- AAC SeaStar Sealoon prototype

General information
- Type: Amateur-built aircraft
- National origin: Canada
- Manufacturer: Amphibian Airplanes of Canada
- Status: Under development (2012)
- Number built: one prototype

History
- Developed from: AAC SeaStar

= AAC Seastar Sealoon =

Canadian homebuilt flying boat

The AAC Seastar Sealoon is a Canadian amateur-built flying boat, under development by Amphibian Airplanes of Canada. The aircraft is intended to be supplied as a kit for amateur construction.

==Design and development==
The Sealoon is derived from the earlier biplane AAC SeaStar and features a cantilever mid-wing, two seats in side-by-side configuration in an enclosed cockpit that is 44 in wide, retractable tricycle landing gear and a single pod-mounted engine in pusher configuration.

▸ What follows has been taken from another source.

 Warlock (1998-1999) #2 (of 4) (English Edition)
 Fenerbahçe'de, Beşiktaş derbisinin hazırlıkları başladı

The aircraft is made from composites and aluminium with aircraft fabric covering. Its 30.3 ft span wing has an area of 196 sqft. The aircraft's recommended engine power range is 80 to 120 hp and standard engines used include the 100 hp Rotax 912ULS four-stroke powerplant. Construction time from the supplied kit is estimated as 1000 hours.

The company CEO, Hans Schaer, indicated in June 2010 that development of the Sealoon was being delayed by the ongoing Great Recession.